YOUR INSTRUCTIONS
Beginning with the line containing "Biroja krēsls LUKA", write out each line exactly through the end of the listing, and skip all pictures.

--- --- ---

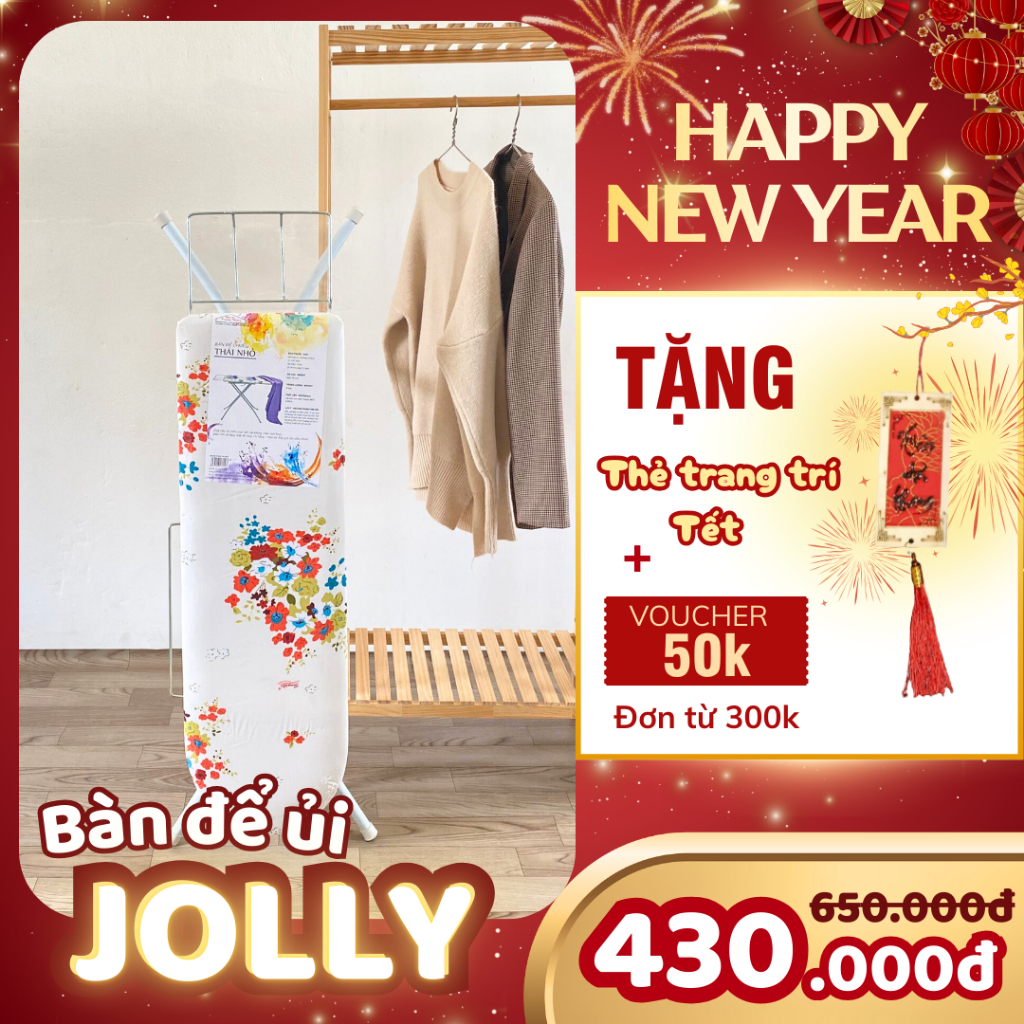 [Jolly] Bàn để ủi, Cầu là quần áo kiểu đứng size 30x97cm tăng chỉnh chiều cao tự động Nguyễn Trường 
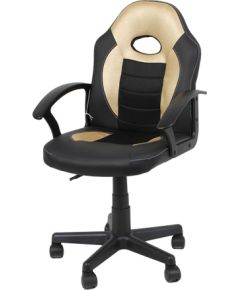 Biroja krēsls LUKA 57x54.5xH89-99cm melns/zelta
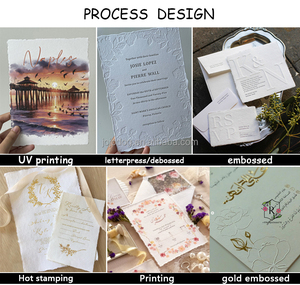 300 GSM in cotone 100% 5x7 pollici, carta fatta a mano con bordo, stampa di inviti di nozze, acquerelli - Product Image 6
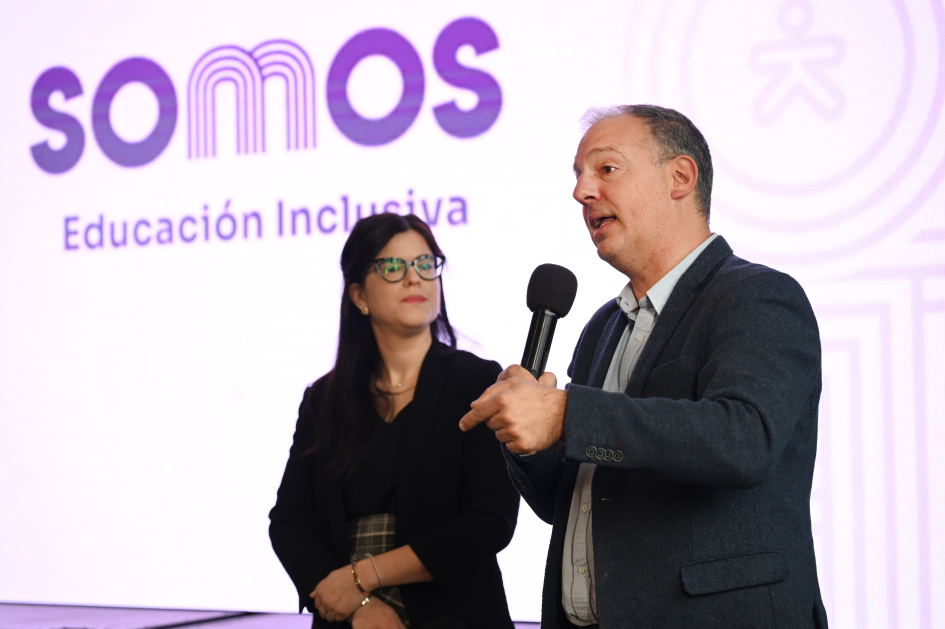 Director DNE, Gabriel Quirici y coordinadora de Educación Inclusiva Carolina Sanguinetti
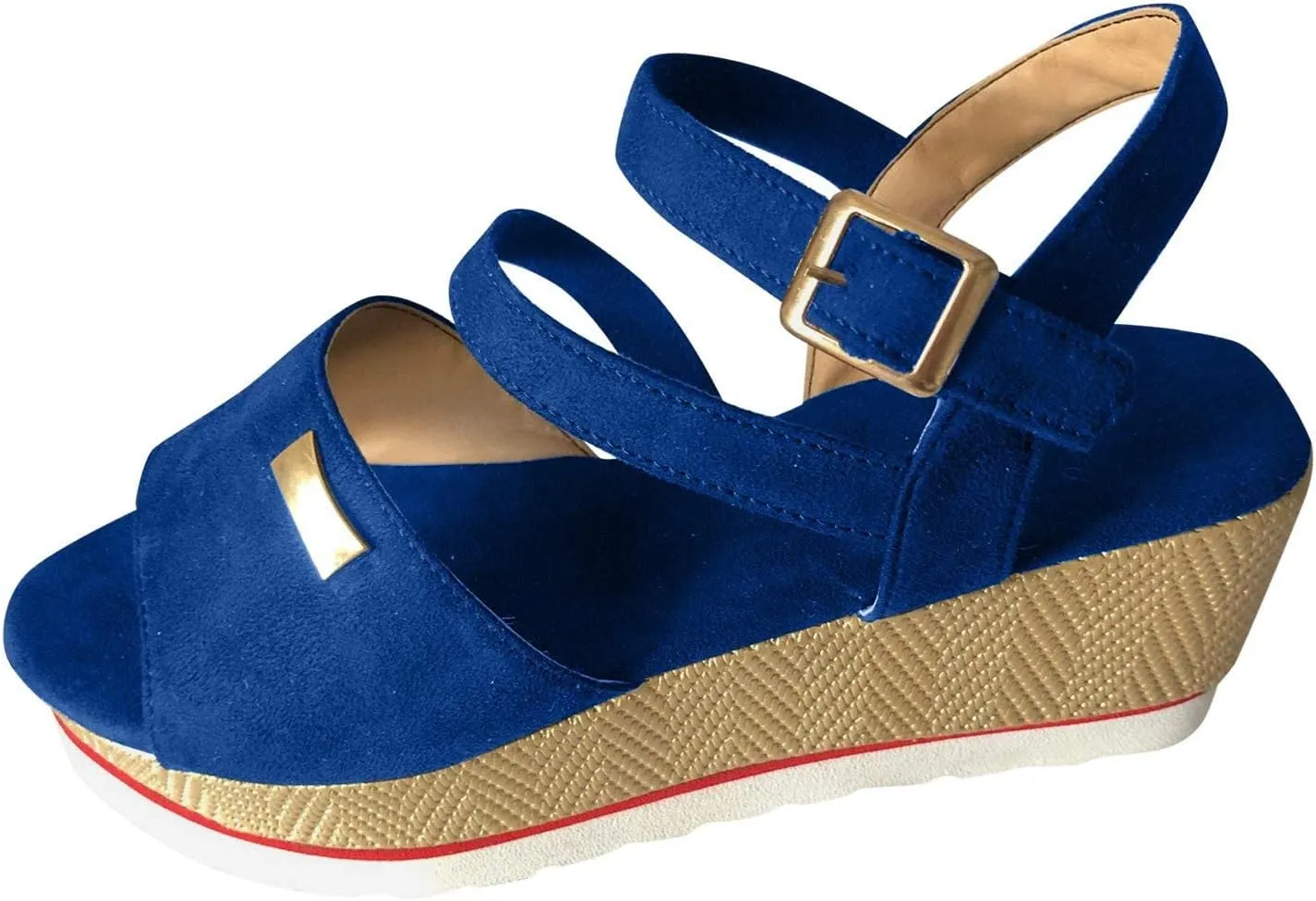 ZBYY Womens Espadrille Platform Wedge Sandals Open Toe Cross Ankle Strap Slingback Suede Summer Casual Sandals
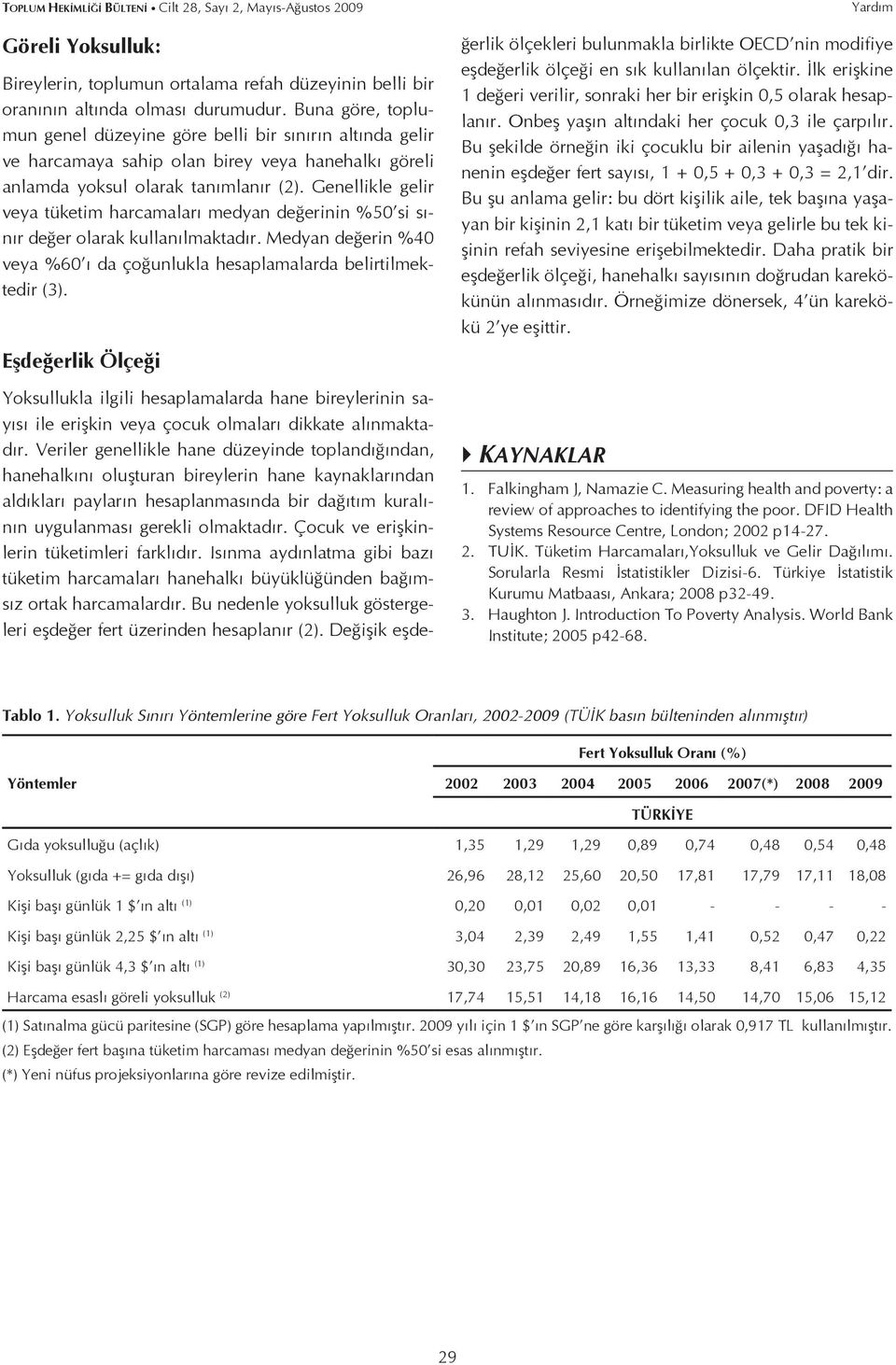 Genellikle gelir veya tüketim harcamaları medyan değerinin %50 si sınır değer olarak kullanılmaktadır. Medyan değerin %40 veya %60 ı da çoğunlukla hesaplamalarda belirtilmektedir (3).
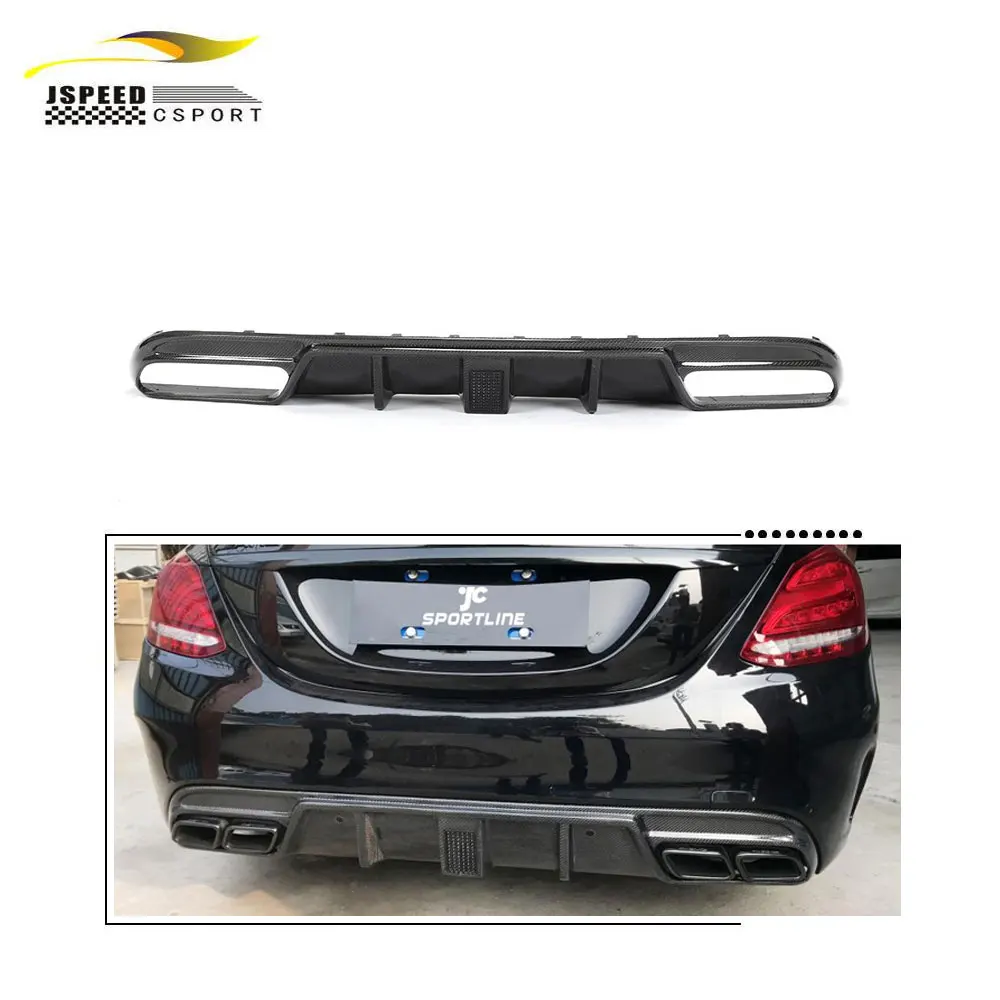 Longzhuo Garniture Aération Pare-Chocs Arrière Pour Mercedes Classe C W205 AMG Line Berline 2015+ – Noir Mat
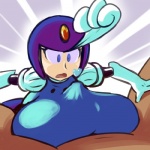 armor big_breasts blue_eyes breast_play breasts bulge duo erection female genitals headgear heart_symbol helmet huge_breasts machine male male/female not_furry penis sex titfuck titfuck_under_clothes fupoo capcom mega_man_(series) megaman_(classic) splash_woman human mammal robot 1:1 low_res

--- --- ---

THE ANSWER
 Biroja krēsls LUKA 57x54.5xH89-99cm melns/zelta
 300 GSM in cotone 100% 5x7 pollici, carta fatta a mano con bordo, stampa di inviti di nozze, acquerelli - Product Image 6
 Director DNE, Gabriel Quirici y coordinadora de Educación Inclusiva Carolina Sanguinetti
 ZBYY Womens Espadrille Platform Wedge Sandals Open Toe Cross Ankle Strap Slingback Suede Summer Casual Sandals
 Genellikle gelir veya tüketim harcamaları medyan değerinin %50 si sınır değer olarak kullanılmaktadır. Medyan değerin %40 veya %60 ı da çoğunlukla hesaplamalarda belirtilmektedir (3).
 Longzhuo Garniture Aération Pare-Chocs Arrière Pour Mercedes Classe C W205 AMG Line Berline 2015+ – Noir Mat
 armor big_breasts blue_eyes breast_play breasts bulge duo erection female genitals headgear heart_symbol helmet huge_breasts machine male male/female not_furry penis sex titfuck titfuck_under_clothes fupoo capcom mega_man_(series) megaman_(classic) splash_woman human mammal robot 1:1 low_res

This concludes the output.